Smith: Education is very important. Everyone in the company should understand what internal controls are as well as the tone of the organization. People within a company need to have the ability to push back, suggest additional controls and question things that are going on. With the help of training, each business process owner will understand what those controls are and be ready to implement them.

Valaitis: Training throughout an organization is a must. For example, regarding 302 certifications process owners often have to sign sub-certifications, agreeing that internal controls are being observed.

Editor: Does the firm often play the role of reviewing a company's control systems preliminarily to the audit done by the primary audit firm for purposes of SEC reporting?

Smith: Yes. Management is requiring that there be preliminary audits and tests of internal controls to give the companies a chance to remediate any potential issues that arise. Preliminary audits are on the rise.

Editor: Would you comment on the interplay between compliance and good governance?

Valaitis: Amper Risk Advisors' core philosophy incorporates the three concepts of governance, risk and compliance. There is definitely a convergence occurring in the marketplace. While they will not converge into one concept or function, there is a closer interplay among all three as a requirement going forward. Anecdotally, I was at a recent compliance conference designed originally for finance executives where nearly 50 percent of the attendees were general counsel. It is apparent that the issues relating to appropriate governance and compliance and risk impact all areas of the organization, requiring a higher level of communication and cooperation than has historically been true.

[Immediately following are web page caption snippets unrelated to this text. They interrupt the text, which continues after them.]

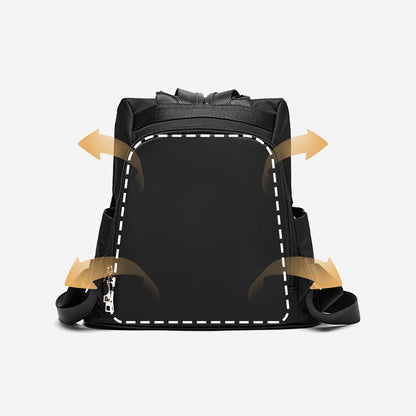 Simradia Small Black Women Causal Backpacks Oxford Waterproof Backpack for Women Outdoor School Bag Rucksack Ladies - MCROONS.COM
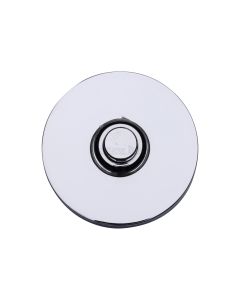 Heritage Brass Polished Chrome Round Bell Push
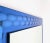 Blue Squared Wall Mirror by Lupi Cristal Luxor, Italy, 1960s For Sale - Image 8 of 11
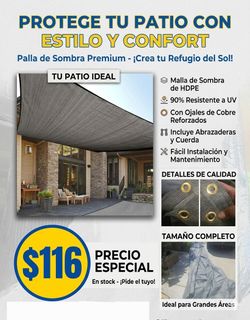 Patio Shade Cloth, UV Protection,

When people talk about the ROI of Sarbanes-Oxley, one of the eventual returns on investment could be as a direct result of the increased levels of communication and cooperation throughout the firm as these three areas of responsibility start to converge. Everyone has part of the responsibility for understanding the controls environment and potential risks,

Schroeder: Governance and compliance are not mutually exclusive. In many respects if we look back at how we structured organization processes and technologies, both can be achieved simultaneously. The leverage resulting can drive more efficiency.

Editor: How do you view the prospects for new demand for counseling services?

Smith: We see a large requirement for a second accounting/consulting firm that assists the mid-level and small companies in completing their filings and complying with internal controls. Firms like ours have a great opportunity to provide that service to these companies.